Chief Bright Onyemeh &ors Vs Lambert Egbuchulam & Ors (1996)

LAWGLOBAL HUB Lead Judgment Report

KUTIGI, JSC. 

In the High Court of Imo State holden at Owerri, the plaintiffs sued the 1st to 3rd defendants for a declaration that they are entitled to the grantor issuance of allocation papers in respect of lock-up market stalls in their possession; an order of court directing the 1st to 3rd defendants to regularise the allocation of the stalls to the plaintiffs, and an injunction restraining the 1st to 3rd defendants, their servants, agents or privies from interfering with the plaintiffs’ possession of the said market stalls.

Soon thereafter the 4th to 9th defendants by motion on notice applied to the court to be joined as co-defendants. The 1st to 3rd defendants opposed the application and filed a counter-affidavit. Arguments on the motion for joinder were heard and the learned trial Judge in a reserved ruling set out on pages 164 to 178 of the record, refused the application and dismissed same.

Aggrieved by the Ruling of the High Court, the 4th to 9th defendants appealed to the Court of Appeal, Port Harcourt Division. The Notice of Appeal is to be found on pages 179-184 of the record. There are only three Grounds of Appeal contained therein. In obedience to the Rules of Courts the parties filed and exchanged briefs of argument. These are to be found on pages 199-232 of the record.
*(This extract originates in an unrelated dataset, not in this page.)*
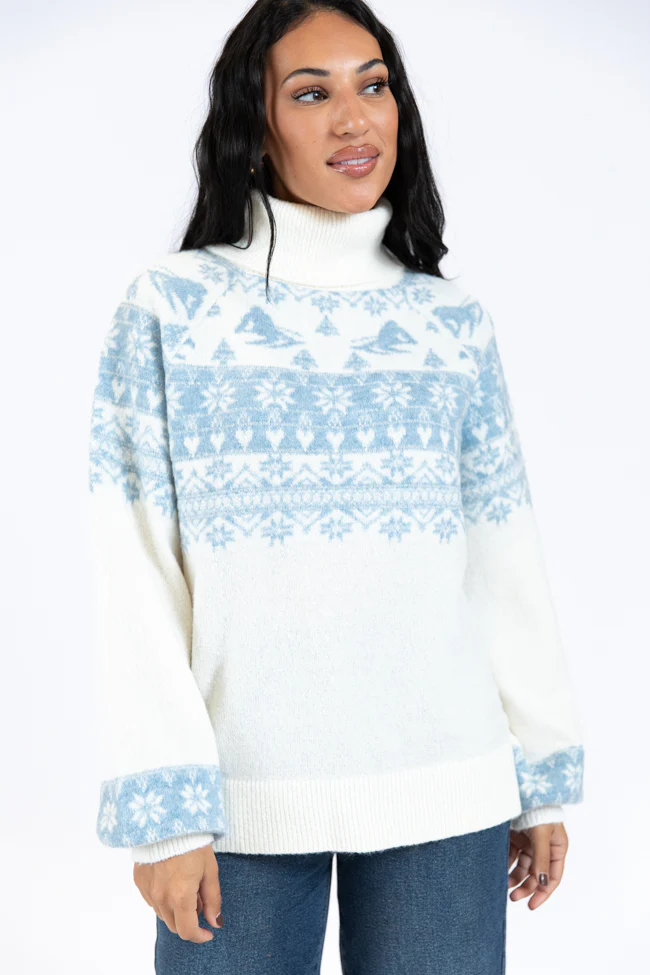 For The Best Ivory and Blue Ski Print Fair Isle Turtleneck Sweater FINAL SALE - Terpint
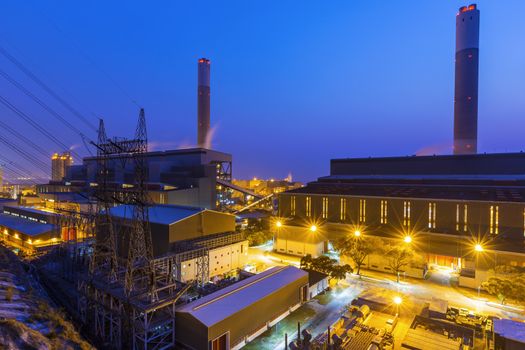 Hong Kong power station at sunset , Glow light of petrochemical industry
Before the appeal was fixed for hearing, the plaintiffs filed a Notice of Preliminary objection to the appeal lodged against the Ruling of the High Court by the 4th to 9th defendants vide pages 193-195 of the record, contending that the purported appeal was incompetent and ought to be struck out because the Grounds of Appeal were on facts, or mixed law and facts which required leave and that the 4th to 9th defendants had not obtained any leave.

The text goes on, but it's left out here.